In a sport naturally boiling over with emotion, he’s the guy with the facts.
Pro Football Hall of Fame writers honor roll inductee Ray Didinger can always be counted on for even-keeled and insightful analysis when it comes to the Philadelphia Eagles.
Ten years ago “R-Diddy,” as Comcast SportsNet Philly’s Michael Barkann likes to call him, compiled perhaps the definitive history of the team, “The Eagles Encyclopedia.” Joining forces with “On Any Given Sunday: A Life of Bert Bell” and “Palestra Pandemonium: A History of the Big Five” author Robert S. Lyons (who passed away last year), Didinger surpasses his usual excellence with “The New Eagles Encyclopedia,” being released Sept. 18 by Temple University Press, as football season gets underway.
Anyone who’s followed the Birds has seen some combination of the good (appearances in Super Bowls XV and XXXIX), the bad (losing the first 11 games of 1968, when the season was 14 games long) and the unwatchably ugly (a wretched 23-82-2 combined record for the team’s first 10 seasons of 1933-1942).
Among the things that make “The New Eagles Encyclopedia” a must-have for all who bleed green is the entertainingly written summaries of every playoff game — good, bad and ugly; a complete summary of Andy Reid’s tenure as head coach (his 140 wins are, by far, the most in team history); new entries on coach Chip Kelly, former quarterback Michael Vick and stars Nick Foles and LeSean McCoy; a new chapter on the rivalry with the hated Dallas Cowboys; and expanded, feel-good chapters on hall of fame Eagles and milestone moments in team history, both good and controversial.
The NFL Championships of 1948-1949 and 1960, last season’s snowstorm victory against the Detroit Lions, the Miracle of the Meadowlands, the merger with the Pittsburgh Steelers during World War II, the pickle juice game, the Fog Bowl, the Body Bag Game, the O.J. Bowl, the 75th anniversary game, the Frankford Yellow Jackets, what really happened the day Santa Claus was booed … it’s all there.
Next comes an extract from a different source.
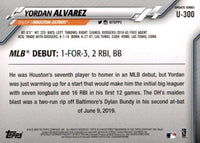 2020 Topps Traded Baseball Update and Highlights Series Set featuring Randy Arozarena and Bo Bichette Rookie Cards with Stars and Hall of Famers Plus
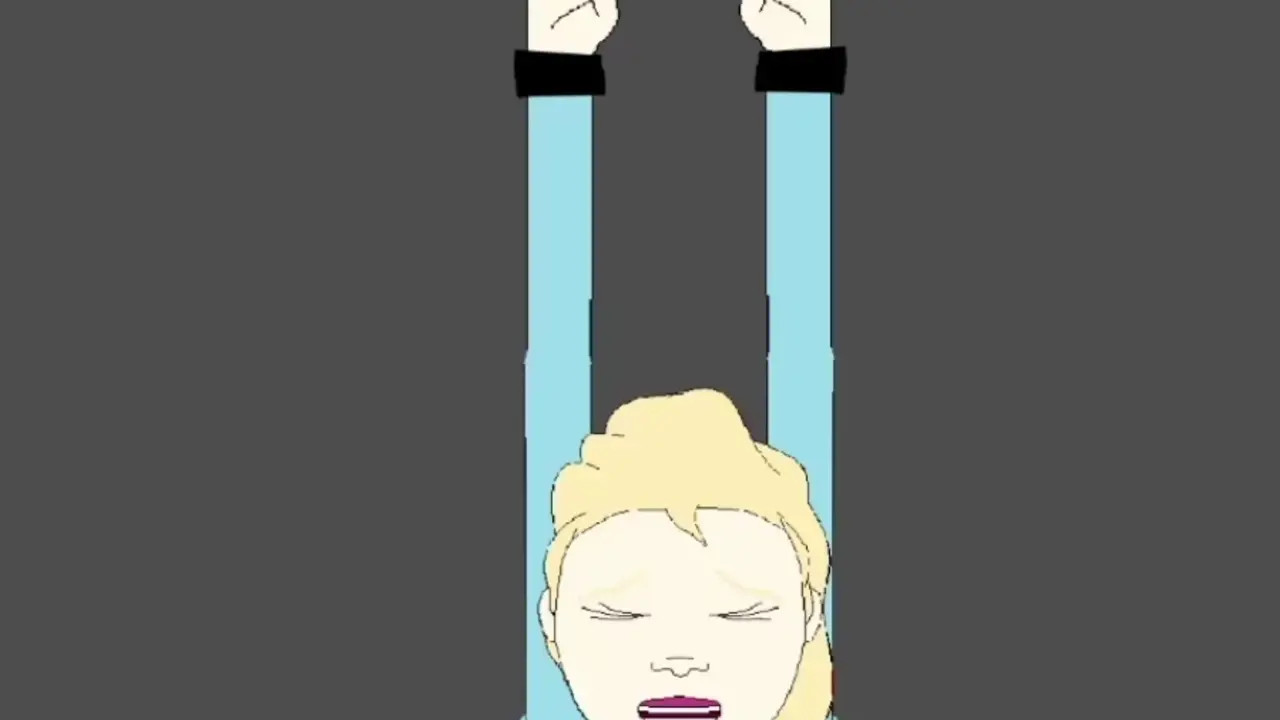 elsa get whipped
In the appendix, where you can look up any team record without going online, there’s even a complete list of Birds’ draft picks — the good, the bad and the ugly.
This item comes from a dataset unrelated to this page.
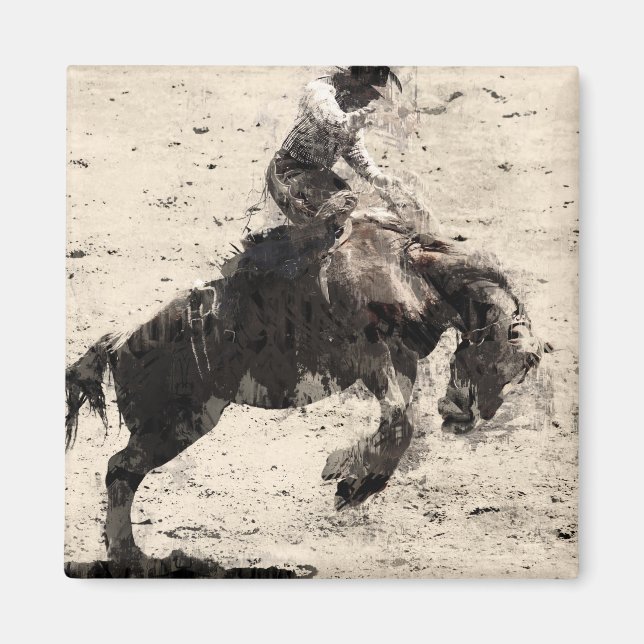 Íman Ligando - Carimbo de Compras Bronco (Frente)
The photos are a treat too: the iconic shot of Chuck “Concrete Charlie” Bednarik looming over an unconscious Frank Gifford; a 1987 turf-level image at Veterans’ Stadium with offensive tackle Joe Conwell and his brother, Tommy, who was at the height of his popularity fronting the band Tommy Conwell & The Young Rumblers; John Travolta posing with Eagles all-time rushing leader Wilbert Montgomery at his locker in 1980; Freddie Mitchell catching an improbable pass on a postseason, do-or-die, fourth and 26 play; the 1926 NFL Champion Frankford Yellow Jackets; the retiring of Jerome Brown’s No. 99; safety Brian Dawkins going airborne to sack Ben Roethlisberger; Tom Dempsey kicking with only half a right foot; Steve Van Buren scoring the winning touchdown in the 1948 NFL Championship during a blizzard at Shibe Park …
“The New Eagles Encyclopedia” is such a complete and detailed chronicle — even having a chapter for the owners and “key executives” — that it seems like a glaring omission that the “Eagles Fans: Portrait in Passion” chapter lacks the story of the “Fly Eagles Fly” fight song — or even better, the rap song “Buddy’s Watchin’ You” that the players recorded in 1988.
And you can’t judge this book by its boring cover art. Yeah, it’s an homage to the City of Philadelphia’s flag, but a book of this caliber deserves a more eye-catching cover. For example, the 2002 edition of “Tales from the Eagles Sidelines” by Gordon Forbes has a nice black and white/color collage (with both midnight and kelly green) of Van Buren, Donovan McNabb, Bednarik, Randall Cunningham and Reggie White.
Nonetheless, “The New Eagles Encyclopedia” doubles as the ultimate fan argument-settler, and a soothing balm for after those inevitable losses to remind you that things will get better.